What is Universal Design?

The Universal Home

Universal Design Graphic

What makes a home design universal? It’s simple. Everyone can use universal design! It doesn’t matter if you are young or old. You could be short or tall, healthy or ill. You might have a disability. Or you may be a prize-winning athlete.

Because of universal design, people who are very different can all enjoy the same home. And that home will be there for all its inhabitants even when their needs change. Here are some of the more common universal design features:

  • No-step entry. No one needs to use stairs to get into a universal home or into the home’s main rooms.
  • One-story living. Places to eat, use the bathroom and sleep are all located on one level, which is barrier-free.
  • Wide doorways. Doorways that are 32-36 inches wide let wheelchairs pass through. They also make it easy to move big things in and out of the house.
  • Wide hallways. Hallways should be 36-42 inches wide. That way, everyone and everything moves more easily from room to room.
  • Extra floor space. Everyone feel less cramped. And people in wheelchairs have more space to turn

Features for Comfort

Some universal design features just make good sense. Once you bring them into your home, you’ll wonder how you ever lived without them. For example:

  • Floors and bathtubs with non-slip surfaces help everyone stay on their feet. They’re not just for people who are frail. The same goes for handrails on steps and grab bars in bathrooms.
  • Thresholds that are flush with the floor make it easy for a wheelchair to get through a doorway. They also keep others from tripping.
  • Good lighting helps people with poor vision. And it helps everyone else see better, too.
  • Lever door handles and rocker light switches are great for people with poor hand strength. But others like them too. Try using these devices when your arms are full of packages. You’ll never go back to knobs or standard switches.

Features for Later

Universal design gives you great home feature you can enjoy now. It also helps you plan for the future. Take closets for example. When you build a closet, add some adjustable brackets. Later on, you can use those brackets to move clothing rods and shelves to a better height. This tiny investment helps a closet grow along with a child. It also means you can use the closet even if you start using a wheelchair. This kind of planning can help you make sure every part of your home will adapt to your changing needs.

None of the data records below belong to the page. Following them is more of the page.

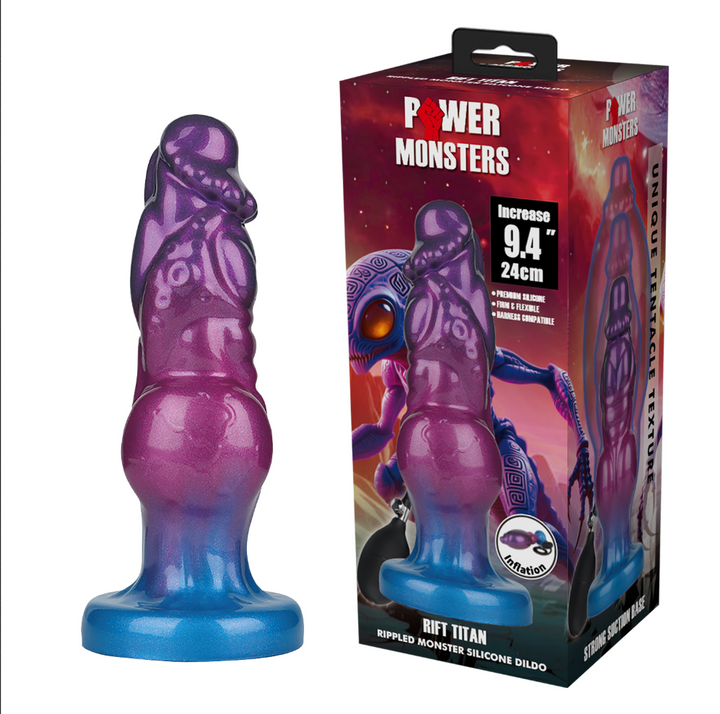 Pretty Love Rift Titan 9.4" Power Monsters Inflatable Dildo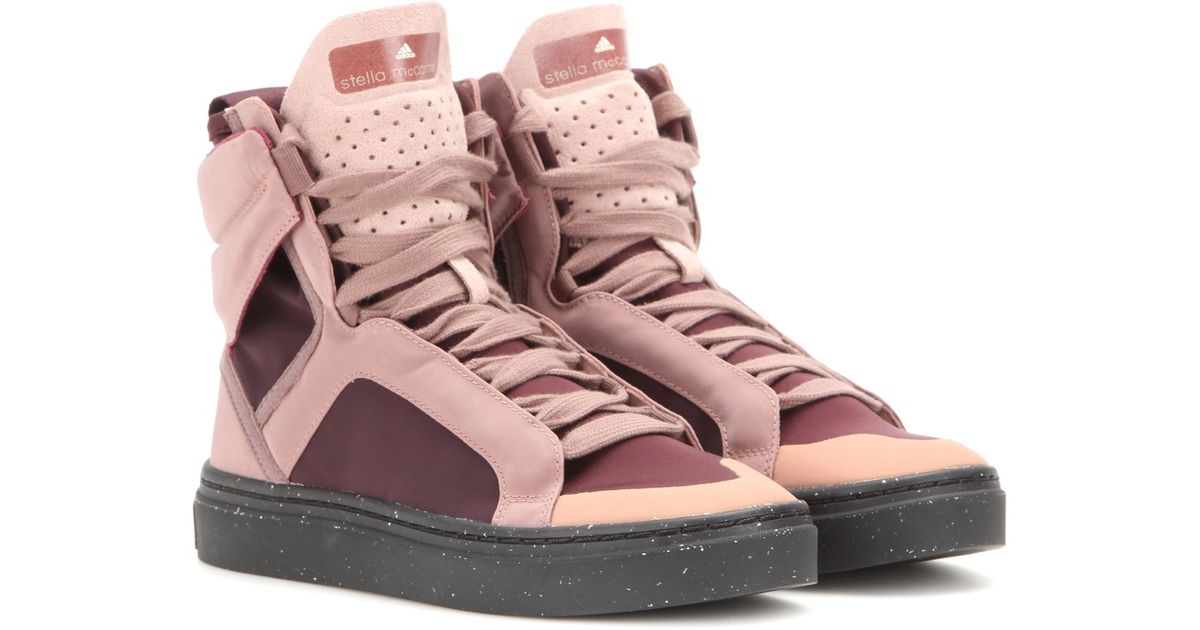 adidas By Stella McCartney Asimina High-top Sneakers in Pink | Lyst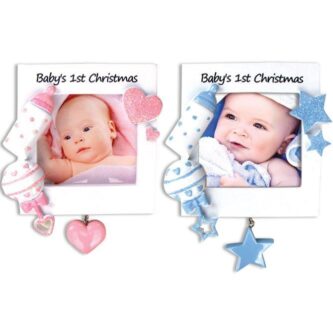 Baby's First Christmas Frame Ornament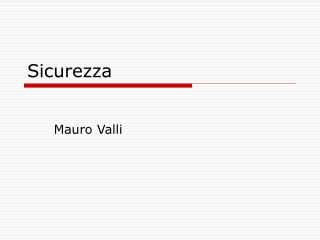 Sicurezza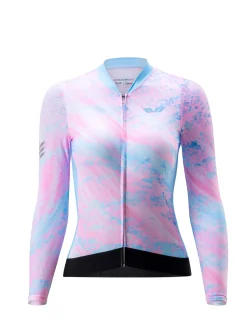 Women's TVI Long-Sleeve Cycling Jersey Sakura Mirage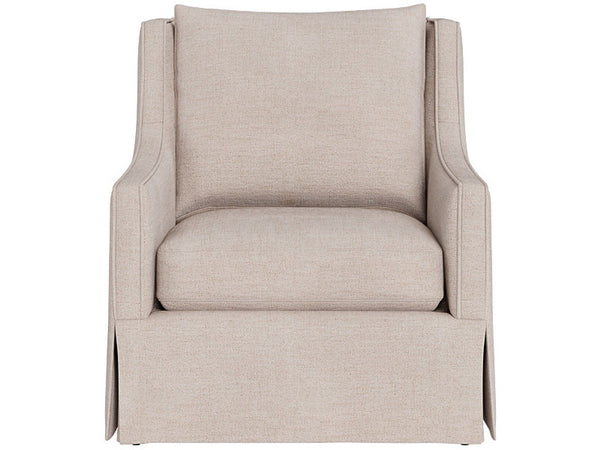 Hudson - Skirted Chair, Special Order - Beige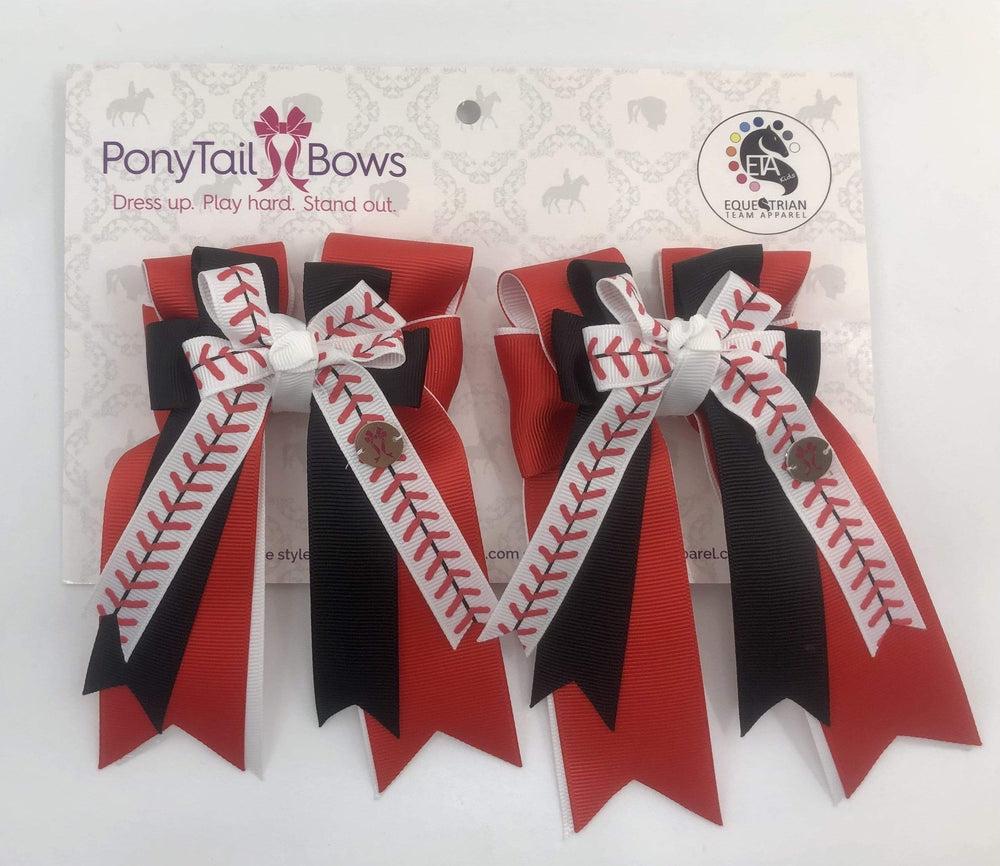 PonyTail Bows 3" Tails Baseball PonyTail Bows equestrian team apparel online tack store mobile tack store custom farm apparel custom show stable clothing equestrian lifestyle horse show clothing riding clothes PonyTail Bows | Equestrian Hair Accessories horses equestrian tack store?id=22503419773094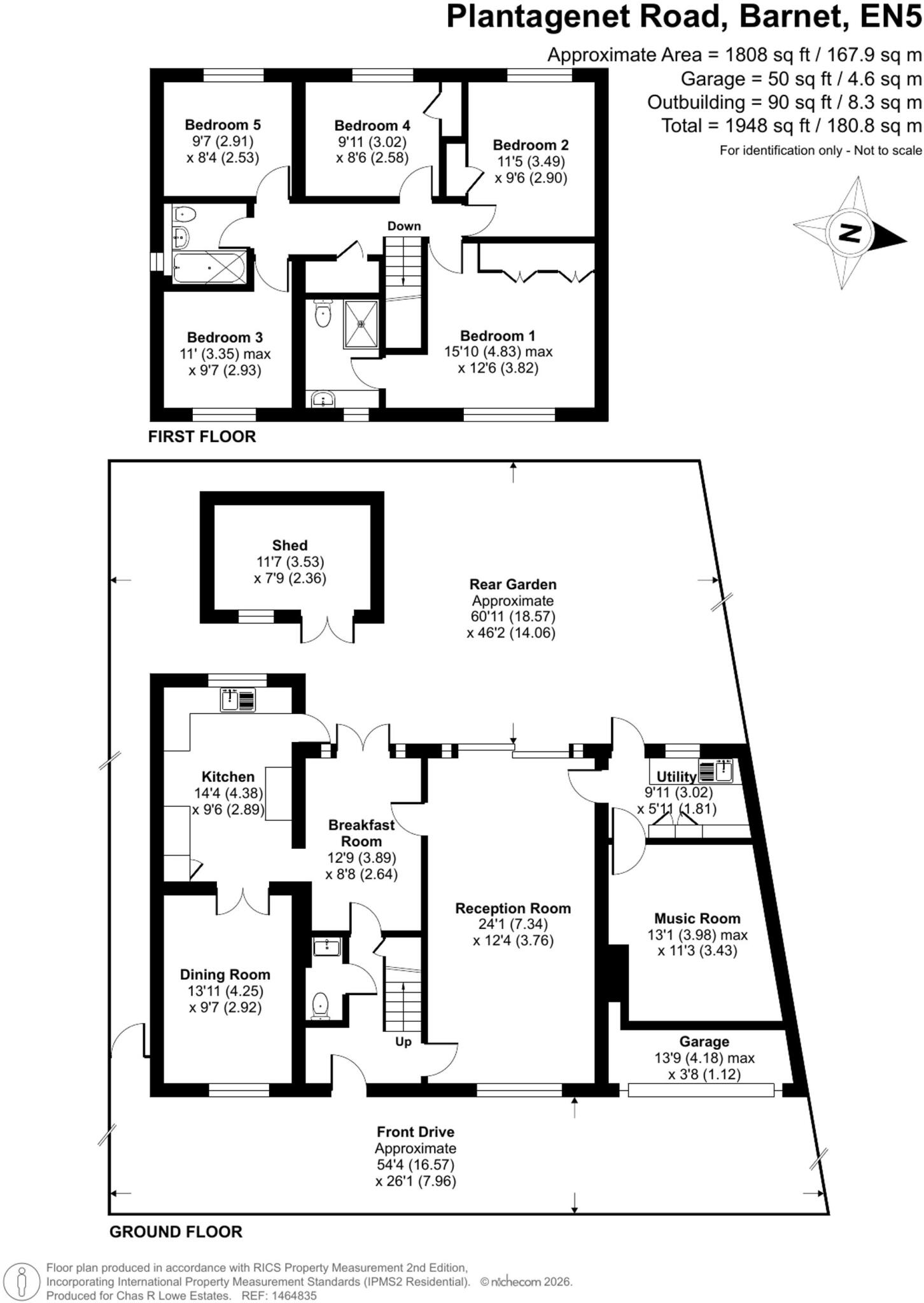Plantagenet Road, Barnet, EN5 floorplan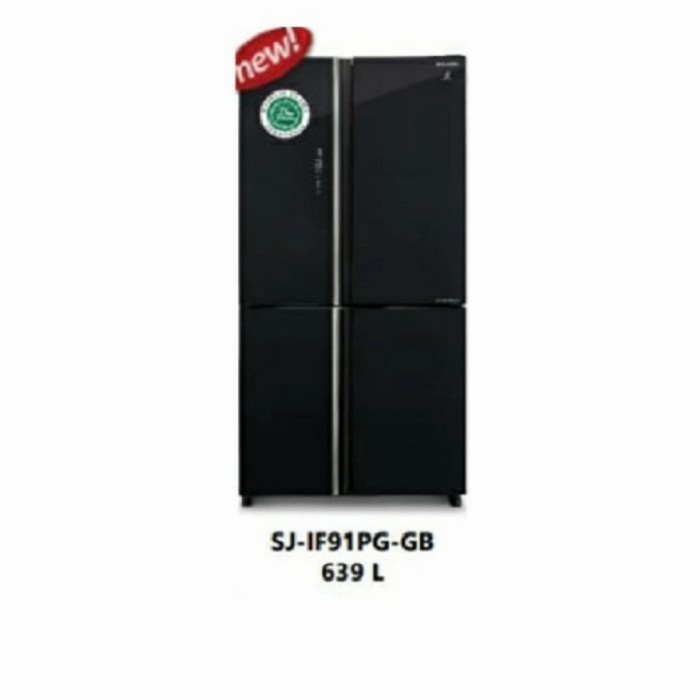 Jual Sharp Sj If Pg Gb Gr Kulkas Side By Side Pintu Hitam Shopee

Better living may be as close as the front door of a properly designed home according to advocates of a concept known as universal design housing. Universal design housing incorporates a variety of features, (wide doorways, grab bars, extra lighting, etc.), and technologies, (electronic locks, safety alarms, intercoms, etc.), to create an attractive, non-institutional home that is comfortable and safe for all regardless of age or ability.

While this specific concept of designing for ease-of-use and lifestage enhancement has been around for nearly 20 years, its application to traditional, single family housing is just now attracting strong interest. The reason? Most experts agree that universally designed homes can better keep the young and the mature living safely and comfortably where researchers tell us they prefer – in their own homes and neighborhoods.

Universal design homes also offer advantages to caregivers. Many of the design features, such as curbless showers with integral seats and hand held sprayers, better equip the resident to participate in their own care reducing the amount and/or frequency of assistance from caregivers. For those tasks which do require assistance, the provision of more generous maneuvering areas and support railings reduce strain on the attending caregiver.

The intangible benefits of universal design homes are also important. Maintaining some reasonable degree of self-care can help residents gain a sense of well-being and self-determination. And, caregivers may experience a reduction in anxiety knowing that some of the hazards of independent home life, such as dangerous stairs, have been considered in the design framework. The best opportunity to incorporate universal design is in the design process for new homes. When integrated before construction, universal design can add as little as four percent to the cost of a new home. Most agree that the elimination of just one fall in the home or the reduction of at home care will more than offset the initial investment. And the increased potential for satisfying independence is priceless.

Remember to consider lifestyle enhancement in your plans as well. For example, in your kitchen, plan a work area you can sit at to make cookies with your children or grandchildren, or, add an instant hot water dispenser, which is a quicker, generally safer and more convenient way to heat water for soups and mixes. In a new home, plan for future flexibility and adaptability too. You might identify an area in the home design which can be easily sectioned off as a mother-in-law suite or care givers retreat in the future.

The possibilities are endless. And with the proper application of universal design principles, realizing a safer and more cost effective lifestyle in one’s own home is an attractive alternative worth considering.